Director Nehru Memorial Museum & Library
- In office 5 October 2015 – 4 October 2019

Personal details
- Born: 11 May 1957
- Died: 4 October 2021 (aged 64) New Delhi, India
- Occupation: Civil servant (IAS)

= Shakti Sinha =

Indian civil servant (1957–2021)

Shakti Sinha (11 May 1957 – 4 October 2021) was a career civil servant of the Indian Administrative Service and director of the Nehru Memorial Museum & Library.

At the time of his death, he was director general of the International Buddhist Confederation and Honorary Director, Atal Bihari Vajpayee Institute of Policy Research and International Studies (AIPRIS), M.S.University of Baroda, Gujarat.

==Early life and education==
Shakti Sinha had his early schooling in St. Xavier's School, Ranchi. He subsequently moved to Delhi where he completed his B.A. (Honours) in History in 1976 and his M.A. in history from the Hindu College, Delhi in 1978, specializing in contemporary Chinese history & politics, and modern Indian history. He also obtained an M.A. in International Commerce & Policy from the George Mason University in 2002.

==Career==
===Administration===
Shakti Sinha was of the 1979 batch of the Indian Administrative Service (IAS). Over the course of his administrative career, he served in various capacities in the states and Union Territories of Delhi, Goa and the Andaman and Nicobar Islands.

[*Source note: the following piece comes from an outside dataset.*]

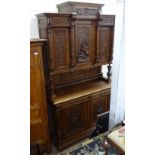An Antique French carved and panelled oak 3-section buffet, W140cm, H238cm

Amongst other postings, he served as the Principal Secretary (Finance & Power), Government of Delhi, and Chief Secretary, Andaman and Nicobar Islands. He also headed the governance and development section of the United Nations Assistance Mission in Afghanistan (UNAMA) .

He took voluntary retirement from the IAS in 2013 on account of policy differences and after the Government of Delhi passed him over for appointment as Chief Secretary .

===Foreign Assignments===
Shakti Sinha served as the senior advisor to the executive director representing India, Bangladesh, Bhutan and Sri Lanka on the board of the World Bank from January 2000 to June 2004. He served in various senior capacities in the UN programmes in Afghanistan, including UNAMA and UNDP, from April 2006 to April 2009.

===Academic===
He was a visiting senior fellow, Observer Research Foundation, New Delhi from April 2005 to March 2006 and a research fellow at the Institute of South Asian Studies, National University of Singapore in 2009.

==Notability==
He was closely associated with Prime Minister Atal Bihari Vajpayee, whom he got to know in the 1980s. He first served as his secretary when Vajpayee became prime minister in 1996 and continued serving as private secretary after he became leader of the Opposition from June 1996 to January 1998. He again served as Joint Secretary to the prime minister from March 1998 to November 1999 during his second premiership. A book recounting his experiences, Vajpayee The Years That Changed India, was published to general acclaim in December 2020.